Published online by Cambridge University Press: 05 January 2013
Introduction: Lakeland
There are other renewable resources than soil such as water, fish and forest produce. Let us make a trip to the imaginary country Lakeland to illustrate the nexus between population and resource exploitation. The country consists of two subsystems: a lake or coastal area with fish and their food – say, daphnia, a kind of water flea – and the economy of people, fishing boats and a reserve of mineral ore with high gold content (Figure 12.1). The Lakelanders get their food from fishing in the local lake and make their boats and nets from local materials. There are only two capital stocks: boats and nets, and mining equipment. They change because of investment and depreciation, with the latter assumed to be inversely proportional to the economic lifetime. The demand for fish is growing over time because of population growth. This means more boats and nets. Therefore, you can make three reasonable assumptions about the fishermen behaviour and the ecosystem:
fishermen invest in new boats and nets in order to satisfy expected growing demand;
there is an upper bound to the annual fish catch; and
gold mining causes pollution, which negatively affects the daphnia.

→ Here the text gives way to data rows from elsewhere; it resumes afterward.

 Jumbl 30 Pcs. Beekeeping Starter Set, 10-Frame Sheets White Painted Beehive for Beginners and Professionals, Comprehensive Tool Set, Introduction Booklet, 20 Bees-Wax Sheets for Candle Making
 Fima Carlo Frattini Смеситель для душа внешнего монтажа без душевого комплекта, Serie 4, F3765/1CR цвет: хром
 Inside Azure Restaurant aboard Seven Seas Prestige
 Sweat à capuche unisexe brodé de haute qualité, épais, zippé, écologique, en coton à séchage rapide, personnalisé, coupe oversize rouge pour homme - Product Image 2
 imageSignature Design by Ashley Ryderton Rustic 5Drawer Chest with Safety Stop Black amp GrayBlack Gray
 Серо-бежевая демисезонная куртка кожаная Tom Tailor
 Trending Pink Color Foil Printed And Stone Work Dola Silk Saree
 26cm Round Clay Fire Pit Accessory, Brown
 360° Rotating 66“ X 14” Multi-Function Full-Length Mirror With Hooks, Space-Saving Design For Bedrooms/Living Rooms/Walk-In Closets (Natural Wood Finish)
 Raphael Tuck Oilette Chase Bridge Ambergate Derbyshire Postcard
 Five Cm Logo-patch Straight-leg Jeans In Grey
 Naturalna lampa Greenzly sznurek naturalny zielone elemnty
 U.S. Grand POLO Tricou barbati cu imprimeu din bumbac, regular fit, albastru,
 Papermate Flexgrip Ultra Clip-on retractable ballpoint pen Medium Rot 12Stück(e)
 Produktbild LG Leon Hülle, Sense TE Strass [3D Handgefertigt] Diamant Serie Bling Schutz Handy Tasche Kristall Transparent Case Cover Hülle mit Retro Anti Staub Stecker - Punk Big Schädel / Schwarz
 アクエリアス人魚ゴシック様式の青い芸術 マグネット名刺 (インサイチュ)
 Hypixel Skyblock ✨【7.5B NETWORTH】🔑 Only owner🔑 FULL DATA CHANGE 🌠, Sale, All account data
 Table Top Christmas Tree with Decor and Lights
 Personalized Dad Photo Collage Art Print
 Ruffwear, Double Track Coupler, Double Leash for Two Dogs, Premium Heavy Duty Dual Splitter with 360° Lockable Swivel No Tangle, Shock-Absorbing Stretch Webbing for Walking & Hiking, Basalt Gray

Each season the fishermen go out harvesting fish, which is sold on the local market at the end of the season. Assuming a population growth of 1 percent per year (%/yr), the Lakeland fishing grounds are sustainably exploited over the chosen simulation period of about twenty years (1,100 weeks; Figure 12.2a). As long as the population and fish demand hardly change, the fleet size remains about constant. Such a sustainable state has existed in many places and for long periods, with different institutional arrangements. Note that the model is meant to be an illustration and has not been implemented for a real-world situation.